Now the growth of closed networks in the online ad industry threatens to upend this evolution. The trend started with Facebook, iAds, eBay and Amazon, with each establishing an ad business that was essentially gated to the rest of the online ad community. Amazon may break this trend, but so far, the force and growth of the open web has foiled many would-be oligarchs.
Recent reports indicate that Google and Microsoft are headed in a similar direction, closing off their massive advertising networks, displacing the third-party cookie and instituting their own ad tracking IDs. Google has the scale and the technology prowess to fundamentally impact the existing industry.

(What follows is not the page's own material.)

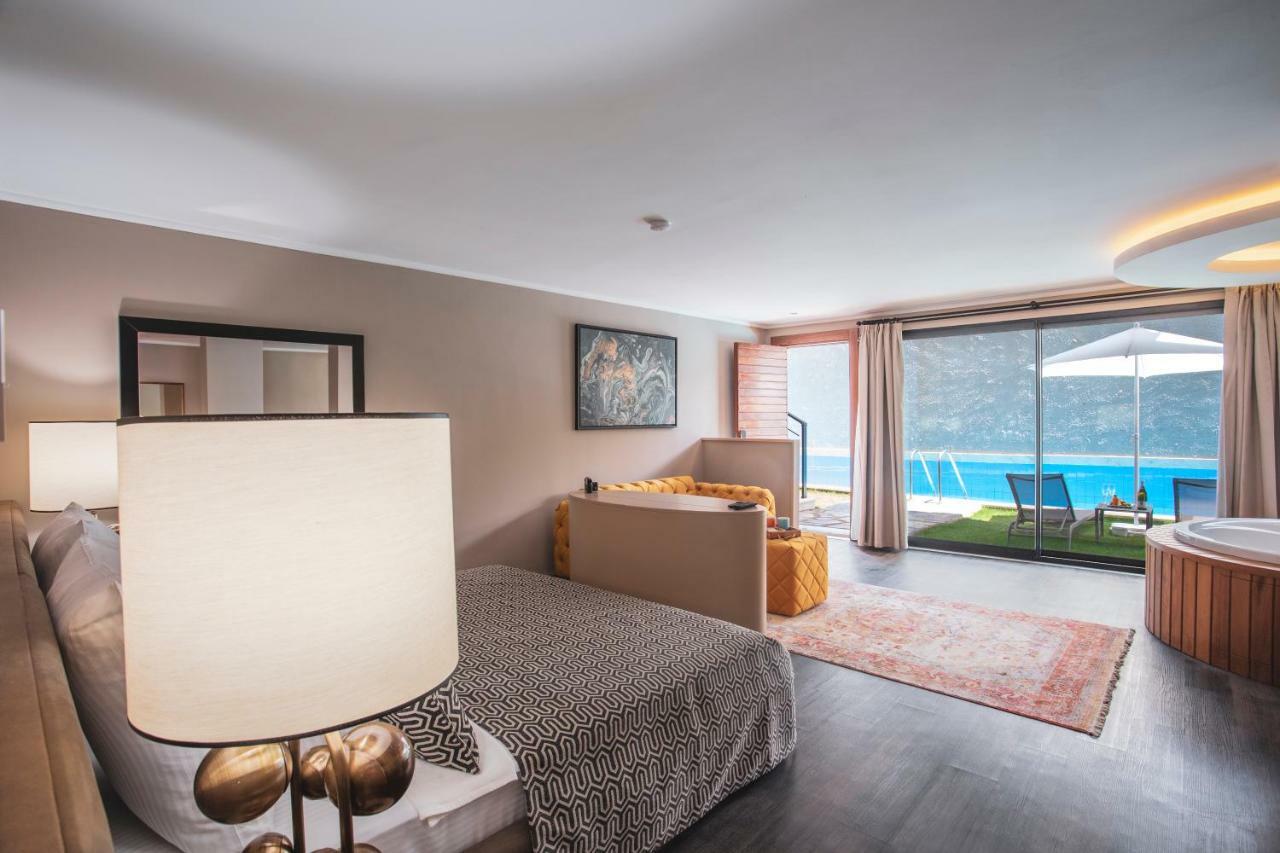 Orka Cove Hotel Penthouse & Suites Adults Only Oludeniz Ngoại thất bức ảnh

The real issue at stake isn’t the cookie but our business model: open networks based on industry-agreed standards vs. closed networks based on proprietary technology.
I’m not saying that the third-party cookie isn’t losing its effectiveness or that the quest for cookie-replacement technology is unwarranted. As an industry, we agree that improving the status quo is part of our growth strategy. My point is that launching cookie-replacement technology based on proprietary methods may not serve the best interests of the industry. The search for cookie-replacement technology is already happening, with the support and backing of the industry. The Interactive Advertising Bureau (IAB), which represents the interests of the online advertising community, is leading an effort to research, test and pilot cookie alternatives.

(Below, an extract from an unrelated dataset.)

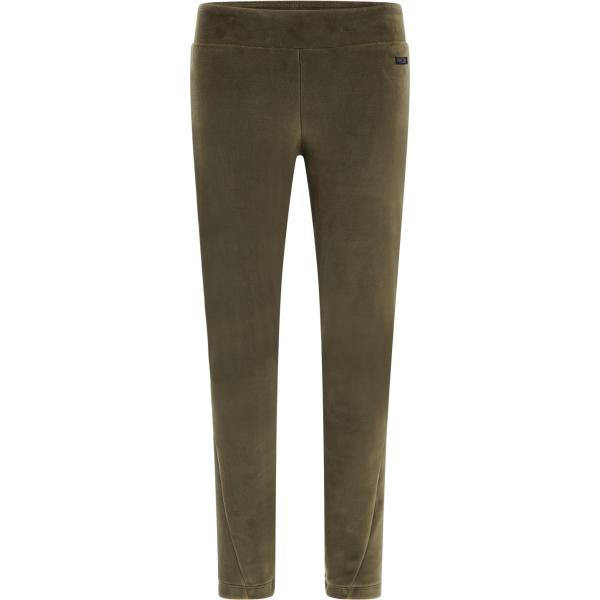 pantaloni Freddy verde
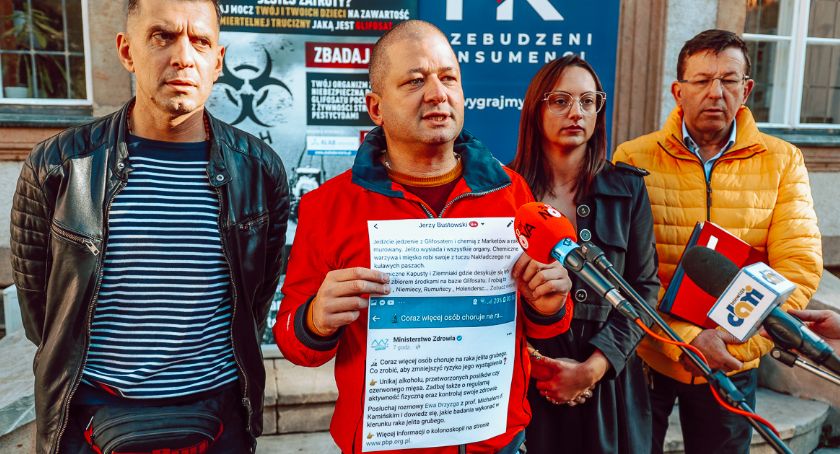 M.Bustowski : Prezydent Jeleniej Góry to kłamca i oszust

Similar to the TV ad industry, we have existing industrywide rules and standards for executing online advertising campaigns, including the use of cookies. However, if a handful of large networks deploy their own unique identifiers that do not talk to each other or the rest of the industry, then advertising in the digital space will become much more difficult. Within a closed network system, advertisers need to customize their ad campaigns for each network, potentially losing visibility on critical ad effectiveness metrics. For the advertiser and marketer that are still carving out the right path for effective targeting, attribution and ROI, this makes that path a lot more complicated. The online advertising industry has been working hard to remove friction in the marketplace for the last 10 years and it would be a shame if this were reversed.

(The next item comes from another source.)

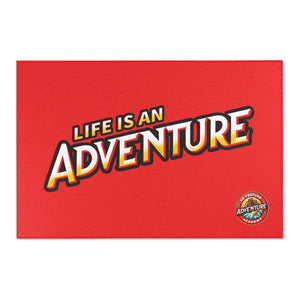Adventure Academy Area Rug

With only a few key players carving up this market, based on their proprietary technologies, the online advertising model would be adversely impacted. Without industry accepted standards for tracking and targeting, competition and innovation will decrease. A key disclaimer for this entire argument is that Google hasn’t released operating rules for executing campaigns on its network. The company could, for example, release interoperability rules that preserve some of the benefits of third-party cookies and address some of the issues.
But the lack of clarity means that there’s an opportunity to influence them in favor of a system that communicates across networks – a true replacement for the current cookie-based system. Advertisers have more influence in the industry than we’re giving them credit for but the complexities of the digital ecosystem have positioned them at a disadvantage. Advertisers and their technology partners need to work together to help influence the outcome of any major development or rules that would impact the industry. Industry standards can’t be determined by proprietary technology or the opinions of a few. The openness of the industry is an advantage for all of us. After opening its exchange to the rest of the online ad community, Facebook, for instance, quickly benefitted. The exchange now generates roughly 20% of its ad revenue.
As we head into 2014, it will be interesting to see the reaction from advertisers, publishers, regulators and eventually consumers from these proposed changes. Cookie or no cookie, a level playing field, based on industry standards, is one of the greatest strengths of the digital Web. It fosters innovation, investment and competition. It fuels the industry that drives nearly all value creation on the Internet, which is accessed by billions of people around the world. The digital Web will continue to grow and the online ad industry will evolve with any industry rule changes.
In the meantime, I keep getting lost in in my rental car with my iPhone battery dying, but Google maps won’t work when my phone is plugged into the charger. Who the heck wants more interoperability issues?